Collected data:

----

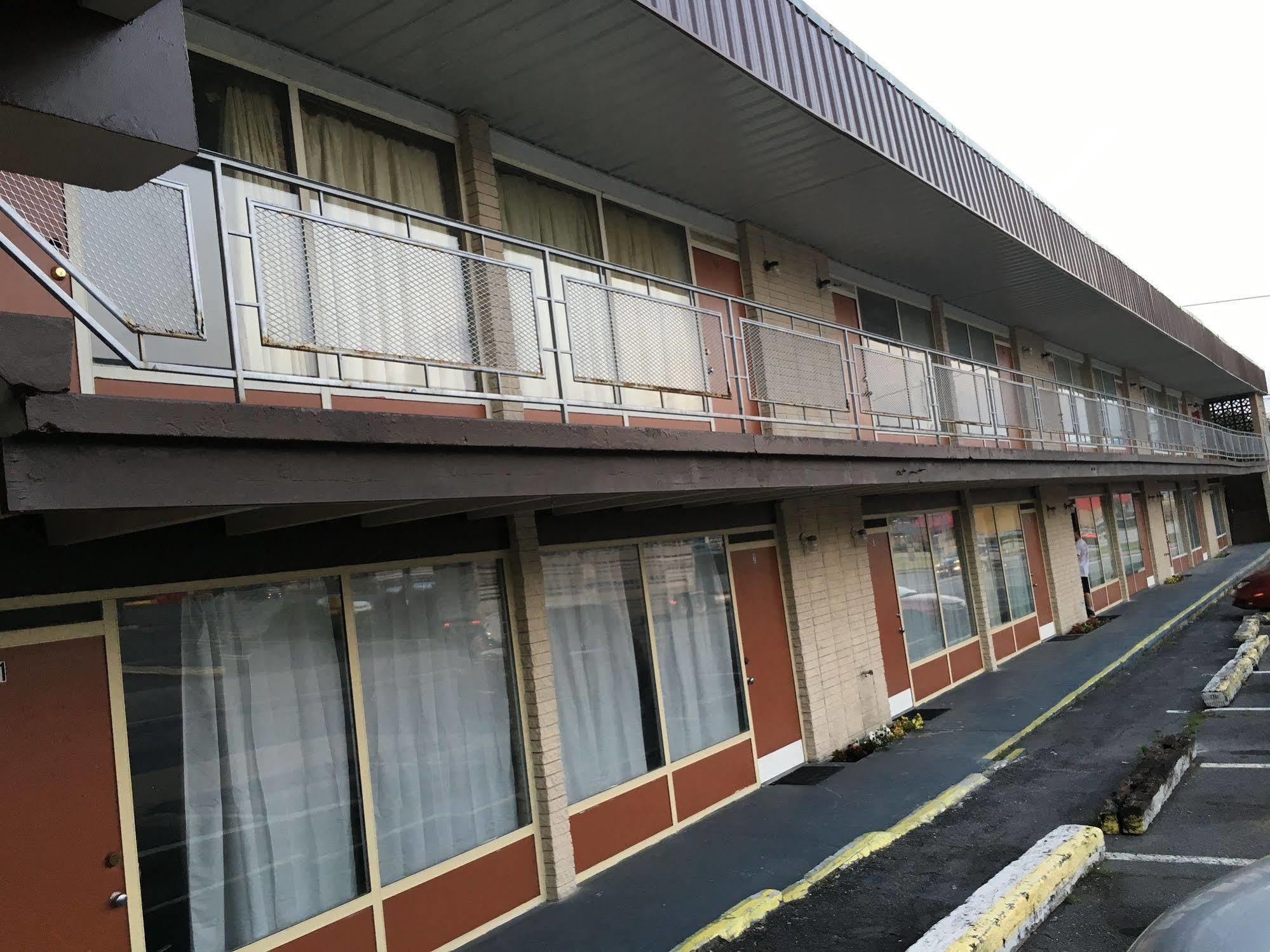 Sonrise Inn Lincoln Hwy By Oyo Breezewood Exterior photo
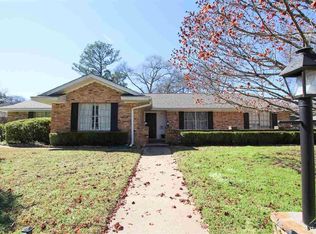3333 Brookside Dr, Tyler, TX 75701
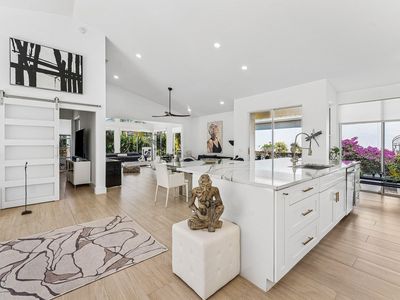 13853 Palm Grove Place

----

Exercise aim: In the answer, all of the material should appear exactly as given, with no picture carried over.

Solution to the exercise:
 Sonrise Inn Lincoln Hwy By Oyo Breezewood Exterior photo
3333 Brookside Dr, Tyler, TX 75701
 13853 Palm Grove Place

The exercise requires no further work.